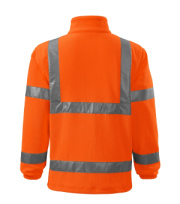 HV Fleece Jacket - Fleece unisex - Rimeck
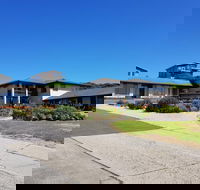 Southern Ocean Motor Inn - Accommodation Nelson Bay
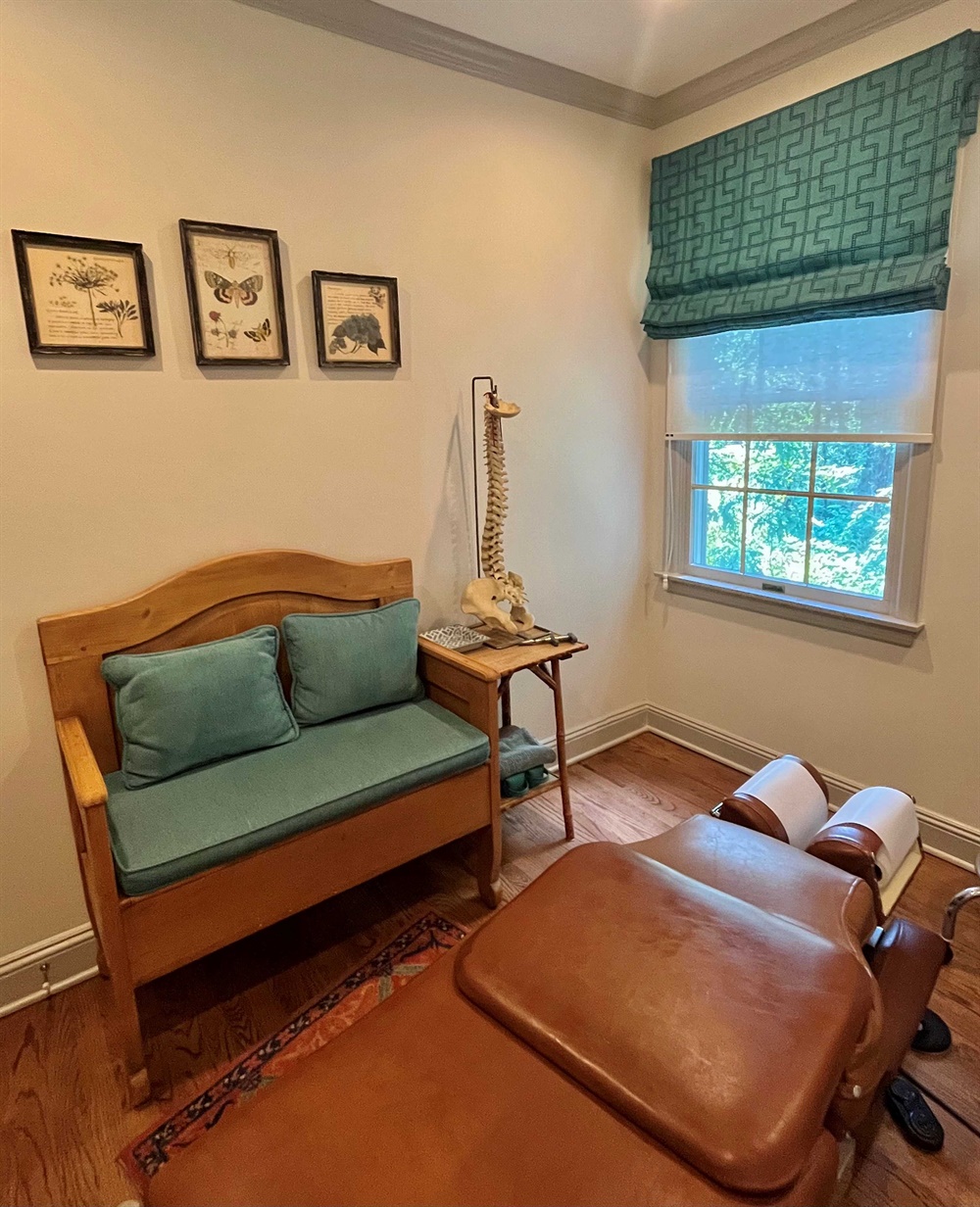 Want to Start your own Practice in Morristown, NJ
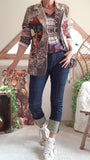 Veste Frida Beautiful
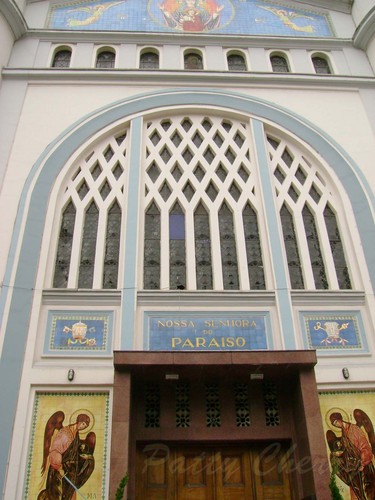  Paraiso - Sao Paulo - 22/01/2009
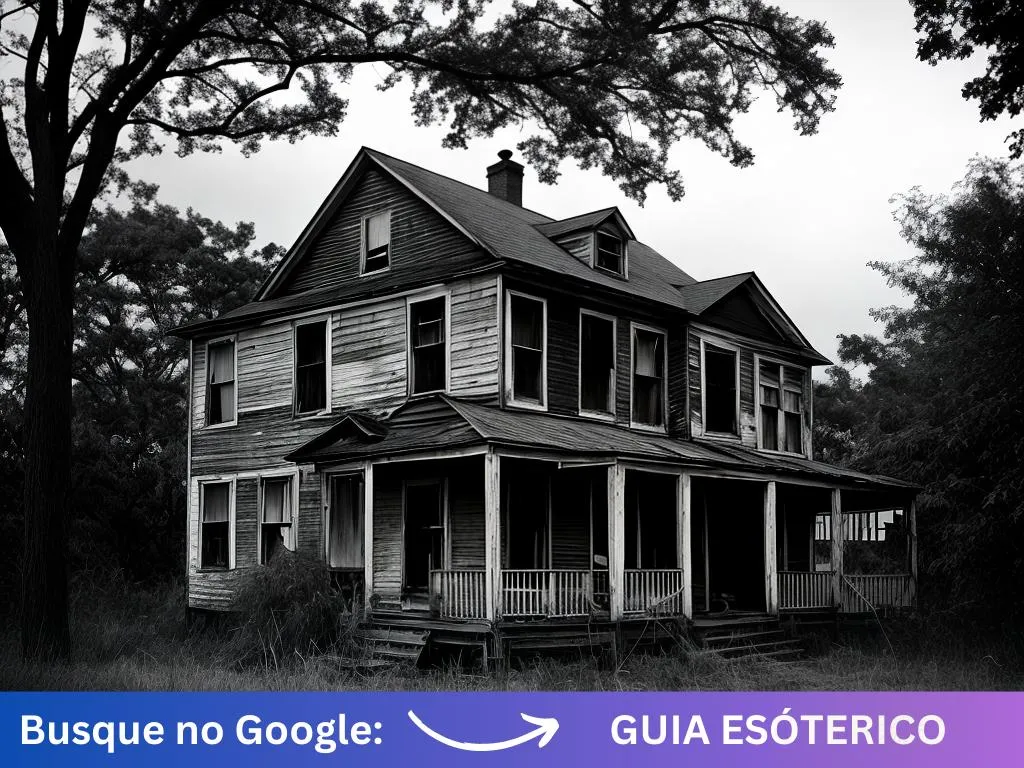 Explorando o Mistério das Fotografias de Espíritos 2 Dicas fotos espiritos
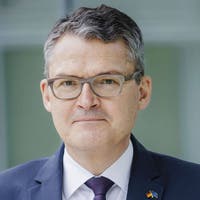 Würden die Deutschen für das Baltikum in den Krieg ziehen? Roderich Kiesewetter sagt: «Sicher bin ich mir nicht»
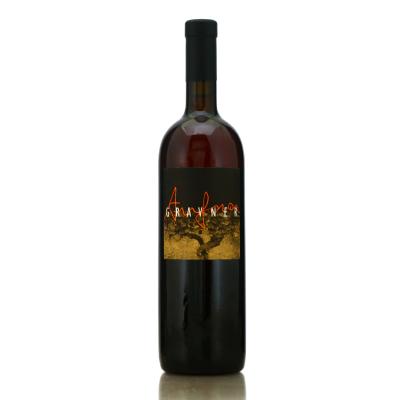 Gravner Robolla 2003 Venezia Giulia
══════════════════════════════
### [What is expected]
The whole listing above must be returned exactly as written, with no pictures carried over.

### [Result]
 HV Fleece Jacket - Fleece unisex - Rimeck
 Southern Ocean Motor Inn - Accommodation Nelson Bay
 Want to Start your own Practice in Morristown, NJ
 Veste Frida Beautiful
  Paraiso - Sao Paulo - 22/01/2009
 Explorando o Mistério das Fotografias de Espíritos 2 Dicas fotos espiritos
 Würden die Deutschen für das Baltikum in den Krieg ziehen? Roderich Kiesewetter sagt: «Sicher bin ich mir nicht»
 Gravner Robolla 2003 Venezia Giulia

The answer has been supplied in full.